How It Works in Practice

The flow on a typical day:

  1. I open a Claude Code session. MEMORY.md loads automatically into context.
  2. Claude sees the memory titles and descriptions and decides which are relevant to the current task.
  3. When it needs details, it reads the specific file, say feedback_app_style.md.
  4. If I correct something during the session ("no, the client changed their mind, they want the dark theme now"), Claude creates or updates a memory file.
  5. Tomorrow's session finds that file and accounts for it.

The system isn't perfect. Memories go stale. A fact recorded two weeks ago might not be true today. So there's a discipline: before acting on a memory, verify it. If a memory says "the function processPayment is in billing.swift", grep for it first. "The memory says X exists" is not the same as "X exists now."

The Bigger Picture: Five Layers of Persistence

Memory is just one layer. The full persistence stack at SubraLabs:

CLAUDE.md contains static project instructions: conventions, rules, repo structure. Like an employee handbook, it changes rarely.

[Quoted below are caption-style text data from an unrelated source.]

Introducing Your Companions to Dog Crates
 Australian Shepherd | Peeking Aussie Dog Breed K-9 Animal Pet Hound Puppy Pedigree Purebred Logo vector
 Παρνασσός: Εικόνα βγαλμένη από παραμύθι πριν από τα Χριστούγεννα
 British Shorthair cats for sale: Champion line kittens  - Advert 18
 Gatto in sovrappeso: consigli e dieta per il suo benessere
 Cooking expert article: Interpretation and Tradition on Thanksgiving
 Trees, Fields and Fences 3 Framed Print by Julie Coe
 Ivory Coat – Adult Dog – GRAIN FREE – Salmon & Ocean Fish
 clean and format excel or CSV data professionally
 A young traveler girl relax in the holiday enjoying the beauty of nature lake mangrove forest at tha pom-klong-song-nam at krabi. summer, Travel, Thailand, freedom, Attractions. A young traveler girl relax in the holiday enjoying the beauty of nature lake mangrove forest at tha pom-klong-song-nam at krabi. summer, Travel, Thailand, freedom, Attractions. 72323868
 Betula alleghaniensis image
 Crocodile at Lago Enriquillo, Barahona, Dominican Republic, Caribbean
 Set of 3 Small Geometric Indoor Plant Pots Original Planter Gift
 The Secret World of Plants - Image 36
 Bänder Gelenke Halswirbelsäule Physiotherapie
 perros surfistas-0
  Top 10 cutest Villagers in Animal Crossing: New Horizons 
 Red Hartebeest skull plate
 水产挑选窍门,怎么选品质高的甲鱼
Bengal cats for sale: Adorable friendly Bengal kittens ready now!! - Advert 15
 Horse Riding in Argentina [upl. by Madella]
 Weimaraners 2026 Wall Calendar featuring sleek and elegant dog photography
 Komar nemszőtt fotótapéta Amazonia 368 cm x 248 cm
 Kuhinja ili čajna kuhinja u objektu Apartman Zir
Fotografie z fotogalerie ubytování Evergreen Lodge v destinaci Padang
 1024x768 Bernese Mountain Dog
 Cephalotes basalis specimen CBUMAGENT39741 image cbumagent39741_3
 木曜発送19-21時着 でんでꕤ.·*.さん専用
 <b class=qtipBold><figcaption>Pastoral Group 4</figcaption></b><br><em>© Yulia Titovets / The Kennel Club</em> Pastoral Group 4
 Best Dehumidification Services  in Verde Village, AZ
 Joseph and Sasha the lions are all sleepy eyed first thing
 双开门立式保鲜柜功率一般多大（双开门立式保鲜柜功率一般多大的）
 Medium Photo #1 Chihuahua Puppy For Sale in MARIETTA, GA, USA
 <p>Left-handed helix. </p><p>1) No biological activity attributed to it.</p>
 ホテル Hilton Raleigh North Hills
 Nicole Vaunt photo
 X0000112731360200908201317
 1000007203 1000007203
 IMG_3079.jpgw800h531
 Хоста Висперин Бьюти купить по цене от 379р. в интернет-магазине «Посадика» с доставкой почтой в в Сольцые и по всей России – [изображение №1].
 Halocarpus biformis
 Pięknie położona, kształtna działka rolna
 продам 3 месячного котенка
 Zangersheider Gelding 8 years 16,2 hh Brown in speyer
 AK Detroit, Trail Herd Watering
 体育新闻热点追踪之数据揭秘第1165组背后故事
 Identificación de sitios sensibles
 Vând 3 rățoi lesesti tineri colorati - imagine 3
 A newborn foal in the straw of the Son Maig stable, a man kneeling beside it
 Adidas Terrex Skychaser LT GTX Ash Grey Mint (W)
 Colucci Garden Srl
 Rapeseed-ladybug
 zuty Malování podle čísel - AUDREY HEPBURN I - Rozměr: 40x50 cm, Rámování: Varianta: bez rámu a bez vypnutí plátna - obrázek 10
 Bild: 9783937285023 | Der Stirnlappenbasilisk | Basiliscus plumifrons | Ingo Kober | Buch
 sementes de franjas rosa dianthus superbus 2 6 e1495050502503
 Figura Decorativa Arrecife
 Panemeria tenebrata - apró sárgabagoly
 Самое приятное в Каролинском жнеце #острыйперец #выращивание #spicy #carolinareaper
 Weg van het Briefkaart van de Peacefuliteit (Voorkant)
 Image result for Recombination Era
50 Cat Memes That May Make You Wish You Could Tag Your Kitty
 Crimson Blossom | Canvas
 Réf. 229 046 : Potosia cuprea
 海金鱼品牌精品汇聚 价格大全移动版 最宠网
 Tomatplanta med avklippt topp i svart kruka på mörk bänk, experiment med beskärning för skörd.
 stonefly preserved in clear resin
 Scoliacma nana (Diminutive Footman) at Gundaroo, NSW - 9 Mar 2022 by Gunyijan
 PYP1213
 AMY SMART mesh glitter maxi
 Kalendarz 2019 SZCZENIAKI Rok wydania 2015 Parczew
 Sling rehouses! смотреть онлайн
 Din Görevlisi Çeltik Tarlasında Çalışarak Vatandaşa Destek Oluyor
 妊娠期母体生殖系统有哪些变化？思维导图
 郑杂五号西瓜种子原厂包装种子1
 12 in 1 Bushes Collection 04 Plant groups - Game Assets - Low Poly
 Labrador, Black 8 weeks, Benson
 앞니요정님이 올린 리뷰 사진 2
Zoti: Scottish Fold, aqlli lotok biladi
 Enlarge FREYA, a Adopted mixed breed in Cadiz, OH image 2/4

PROJECT.md is the source of truth for project state, updated daily. What's active, what's blocked, who's waiting on what. Like the project board.

status/ holds daily logs. What got done, what's next, blockers encountered. Like a written standup.

Hooks run at SessionStart, syncing email and presenting context. Automation without memory, just runs every time.

Memory is the subjective layer. Preferences, lessons learned, context that isn't in the code or the logs.

Together, these five layers create continuity. Not perfect continuity, because there are gaps, stale data, and missed context. But functional continuity. Tomorrow's session knows who I am, what I prefer, where the projects stand, and what happened yesterday.

Right now the system has 21 memory files for the main project: 1 user profile, 9 feedback entries, 6 project states, and 5 references. It's small, manageable, and it does the job. The point isn't building a sophisticated database. It's giving Claude Code enough context to stop being the intern who forgot everything overnight.